Little Audrey liked to watch as Florence bathed and caressed and spoke to her baby boy. She watched the games and the rituals as Patrick meticulously put brick upon brick without knocking them down. 'Mother's little builder,' Florence would say, or 'Who's Mummy's clever boy, then?' Little Audrey saw that George looked on but said nothing. And that he built the boy things that Florence brushed aside. The general view of Patrick's great talent with the bricks was that he would one day grow up to rebuild Coventry, probably single-handedly, and be the wonder of the world. Little Audrey smiled and clapped as the bricks went higher but she was never allowed to touch. Once, overcome at the great height of the tower of coloured wood Patrick had made, she tottered over and gave it a mighty, satisfying punch and the bricks went everywhere. Patrick looked at her coldly and rebuilt his tower. He ignored her for the rest of the afternoon. She did not do it again.

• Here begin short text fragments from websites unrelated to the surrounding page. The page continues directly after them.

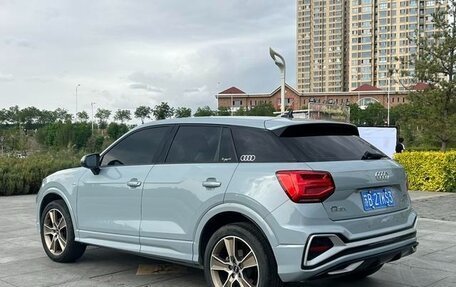 Audi Q2 I, 2022 год, 1 612 000 рублей, 4 фотография
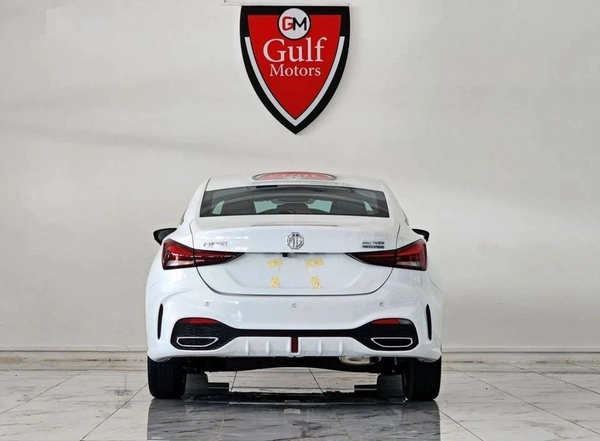 MG 5 LIMITED STOCK ONLY - COMFORT 1.5L SUNROOF - LEATHER INTERIOR - 360 DEGREE CAMERA - SUNROOF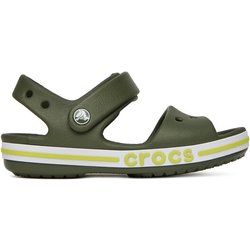 Crocs Sandalen BAYABAND SANDAL K 211054-309 Grün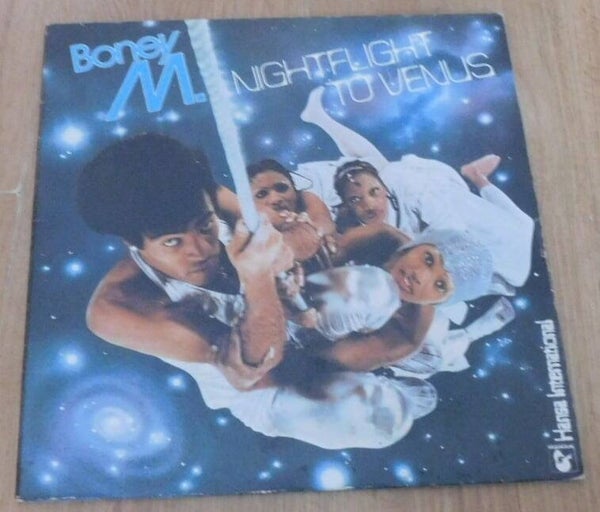 Boney M. – Nightflight To Venus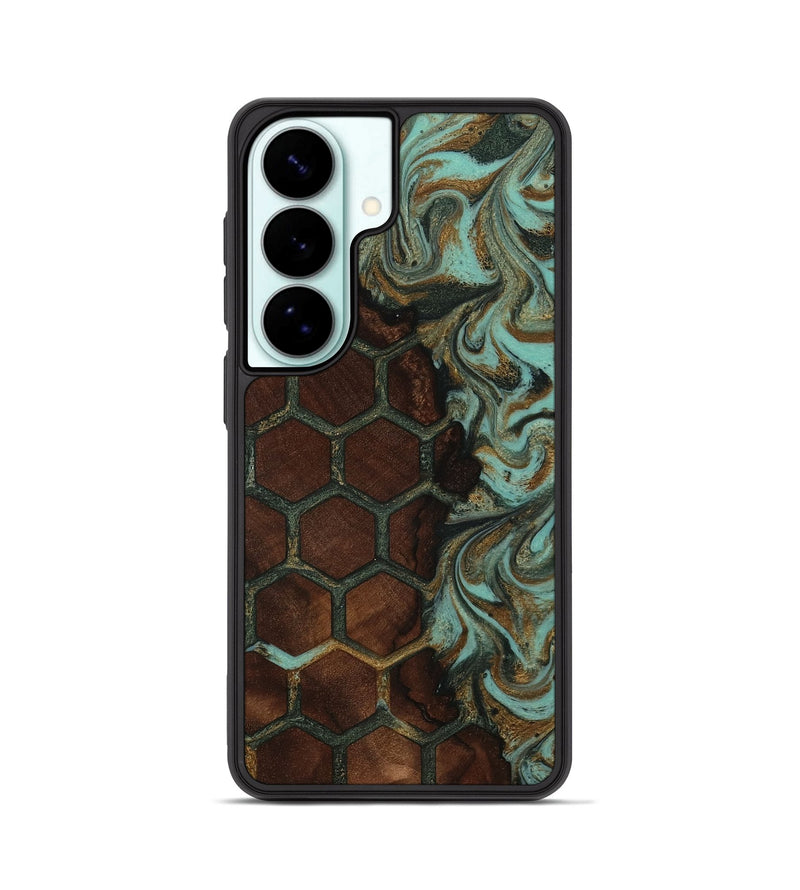 Galaxy S26 Wood Phone Case - Sally (Pattern, 813260)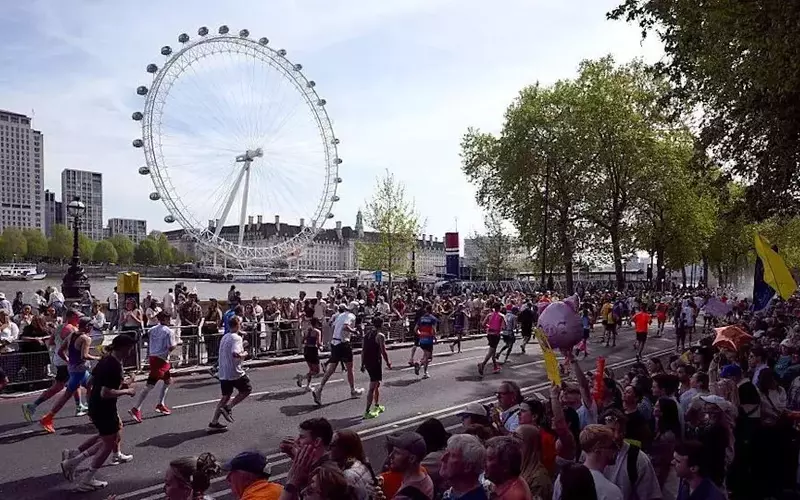 London Marathon: Record-Breaking Applications for 2027 Event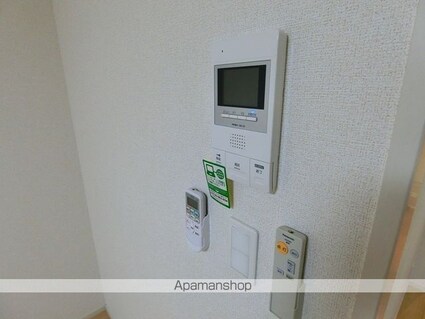 エルブルース[1K/30.36m2]のセキュリティ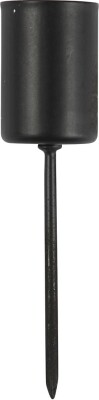 Lysholder - H 9 5 Cm - Ø 22 5 Mm - 4 Stk
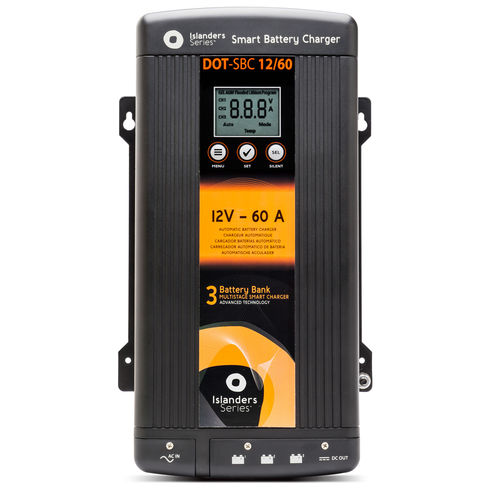 电动充电器 - DOT-SBC™ SERIES - XUNZEL APPLIED SOLAR & WIND ENERGY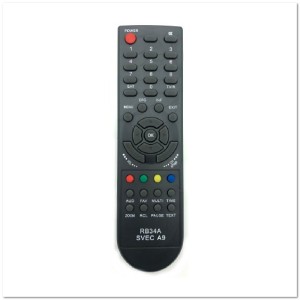 ТВ пульт универ. для цифровых приставок SVEC A9 (DVB-T2)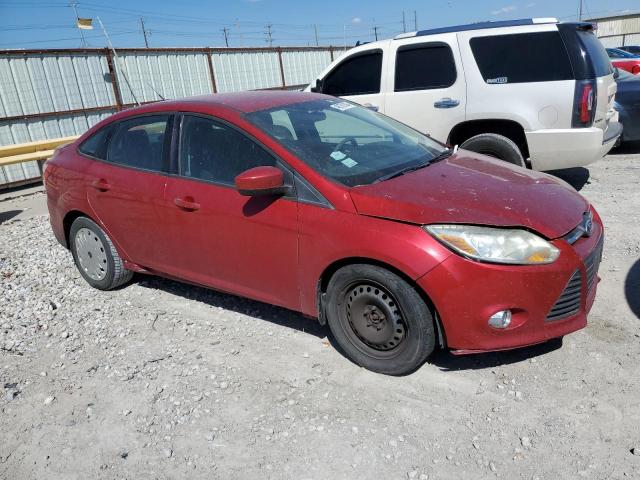 Photo 4 from auction – 2012 FORD FOCUS SE with VIN 1FAHP3F2XCL301652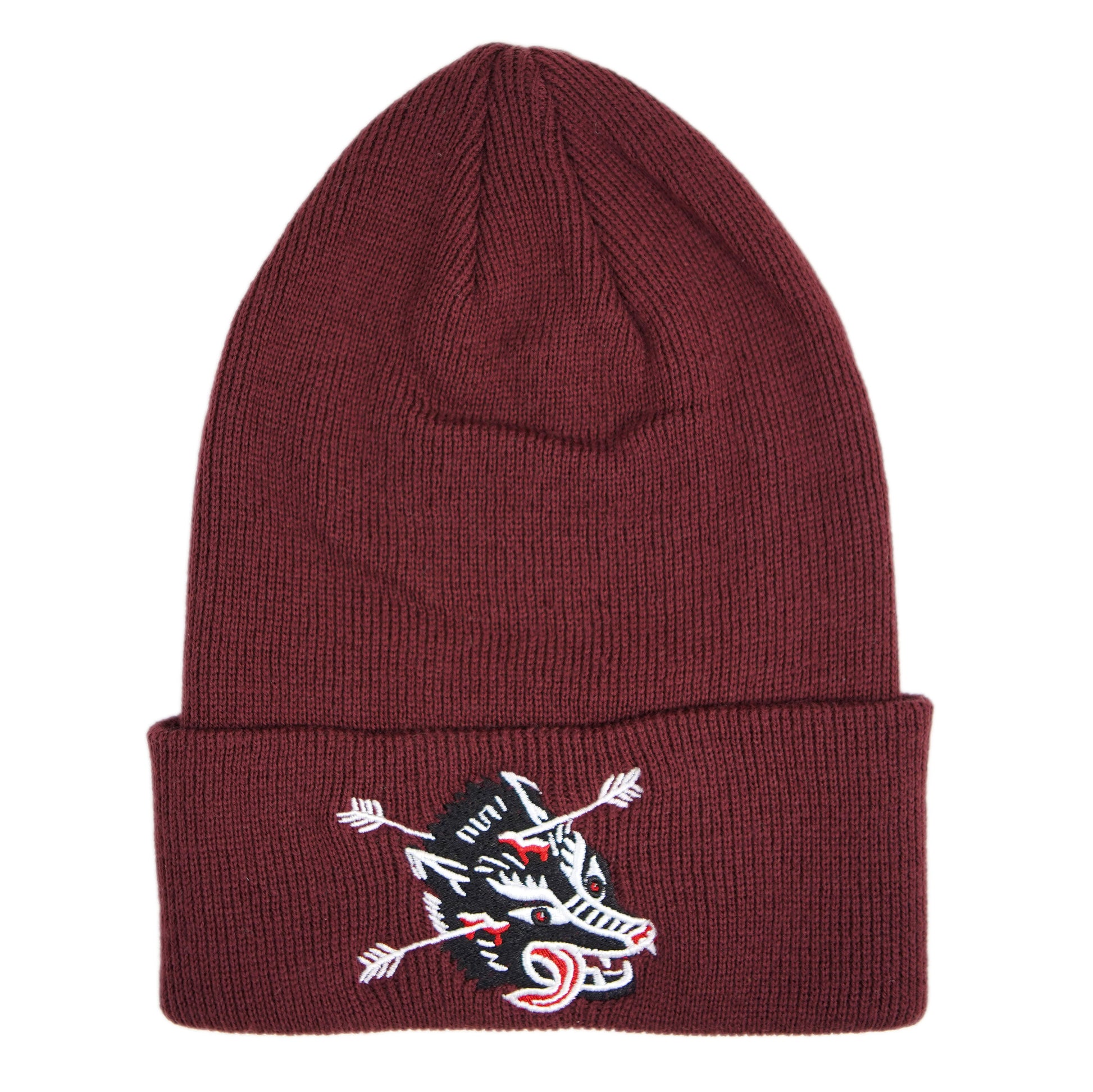 Wolf Beanie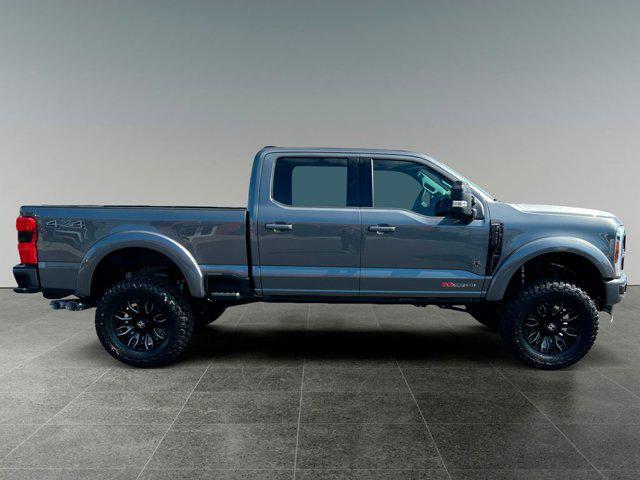 Photo of 2025 Gray Ford F-250
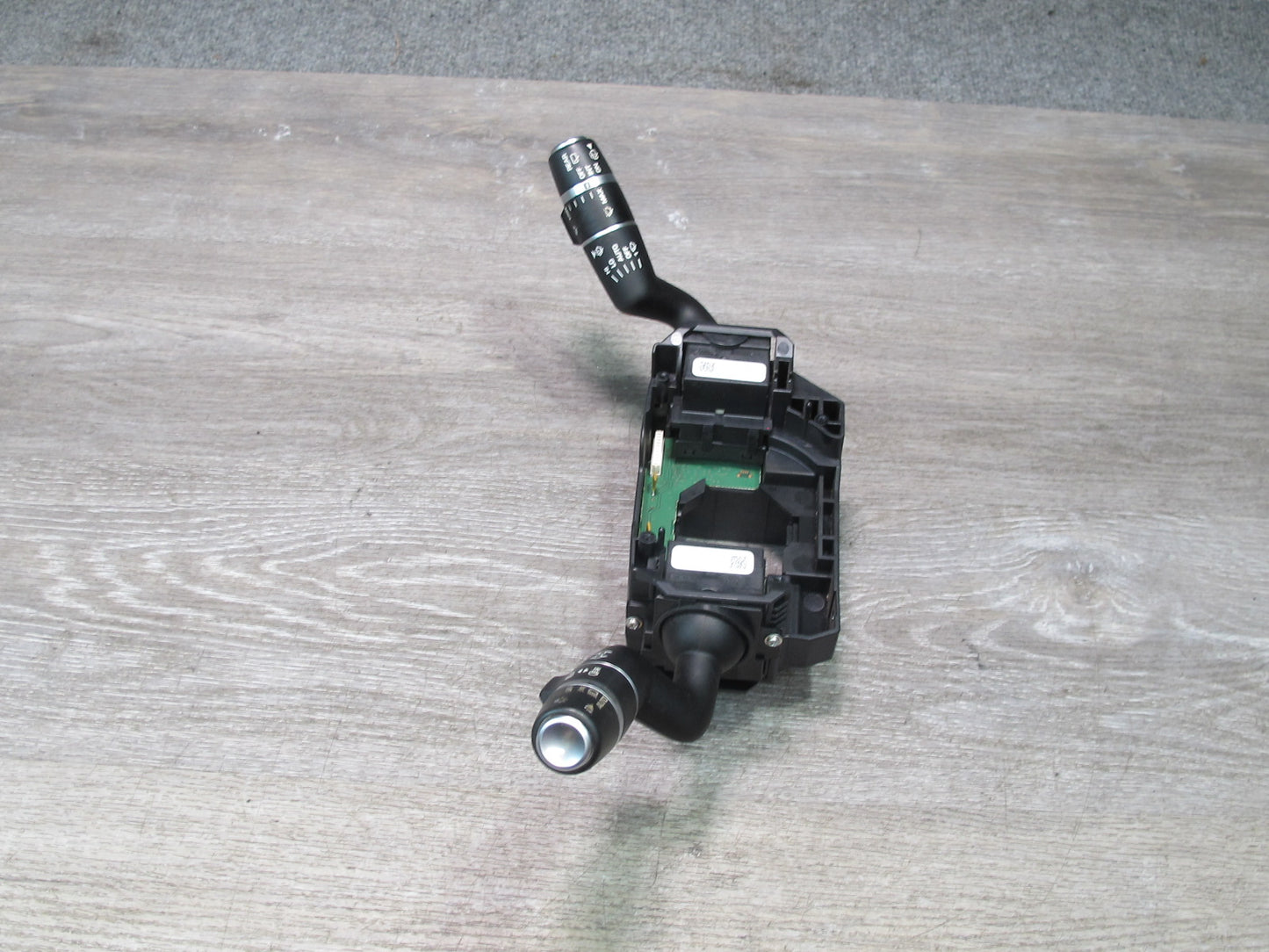 2012-2019 Range Rover Evoque L538 Steering Column Turn Signal Wiper Switch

But Little Audrey showed she had some tricks of her own. As soon as Patrick saw how she sat up at the table and made use of a spoon all on her own - with a few spillages which Florence made quite a bustling fuss about - Patrick followed suit. Perfectly. He also asked for another cushion. Little Audrey sat on one, he would sit on two. When his mother tried to help him guide his spoon, he pushed away her hand. His first act of extreme independence and Florence was saddened to the core.